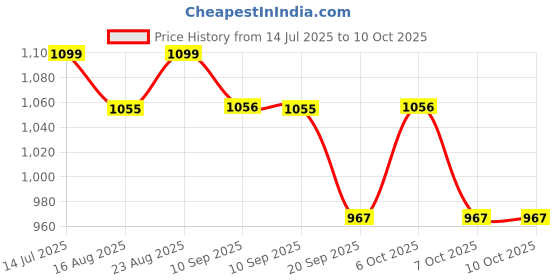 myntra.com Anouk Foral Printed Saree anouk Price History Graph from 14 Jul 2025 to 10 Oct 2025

++++++++

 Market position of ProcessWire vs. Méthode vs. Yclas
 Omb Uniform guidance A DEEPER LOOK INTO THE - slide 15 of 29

++++++++

_Activity_
Please transcribe exactly the lines above from the line that has "Market position of" up to and including the line that has "Omb Uniform guidance"; no other line belongs in the answer.

_Your response_
 Market position of ProcessWire vs. Méthode vs. Yclas
 Omb Uniform guidance A DEEPER LOOK INTO THE - slide 15 of 29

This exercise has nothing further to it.